In summary, the idea is that roughly about three centuries of history (AD 614 to 911) never actually happened and that the history from these years is fiction that was invented by the Holy Roman Emperor Otto III.
Starting in 1991, Mr Illig proceeded to continuously promote this idea right up until 2013.
As you might perhaps anticipate, no serious historian deems any of this to be in any way credible, and so the only people buying into this would be those that tend to generally embrace every whack-a-doodle crazy idea going.
What exactly leads him to this conclusion?
The Wikipedia page on it outlines his “thinking” to be as follows …
- The scarcity of archaeological evidence that can be reliably dated to the period AD 614–911, the perceived inadequacies of radiometric and dendrochronological methods of dating this period, and the over-reliance of medieval historians on written sources.

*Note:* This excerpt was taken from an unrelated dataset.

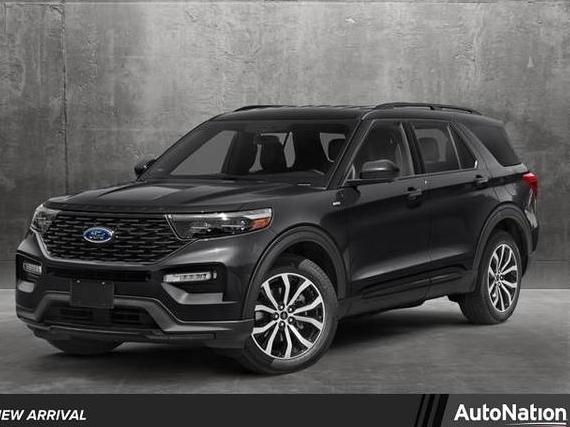 FORD EXPLORER 2024 1FMSK7KH9RGA62284 image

- The presence of Romanesque architecture in tenth-century Western Europe, suggesting the Roman era was not as long as conventionally thought.
.. but the thing that really convinced him was this …

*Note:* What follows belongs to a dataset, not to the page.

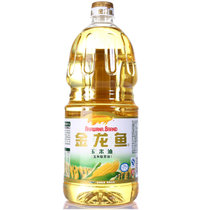 金龙鱼  玉米油 1.8L  玉米胚芽油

- The relation between the Julian calendar, Gregorian calendar and the underlying astronomical solar or tropical year. The Julian calendar, introduced by Julius Caesar, was long known to introduce a discrepancy from the tropical year of around one day for each century that the calendar was in use. By the time the Gregorian calendar was introduced in AD 1582, Illig alleges that the old Julian calendar should have produced a discrepancy of thirteen days between it and the real (or tropical) calendar. Instead, the astronomers and mathematicians working for Pope Gregory XIII had found that the civil calendar needed to be adjusted by only ten days. (The Julian calendar day Thursday, 4 October 1582 was followed by the first day of the Gregorian calendar, Friday, 15 October 1582). From this, Illig concludes that the AD era had counted roughly three centuries which never existed.
You know it is nonsense … right?
There are numerous reasons for rejecting this idea, so let’s cover a few of these.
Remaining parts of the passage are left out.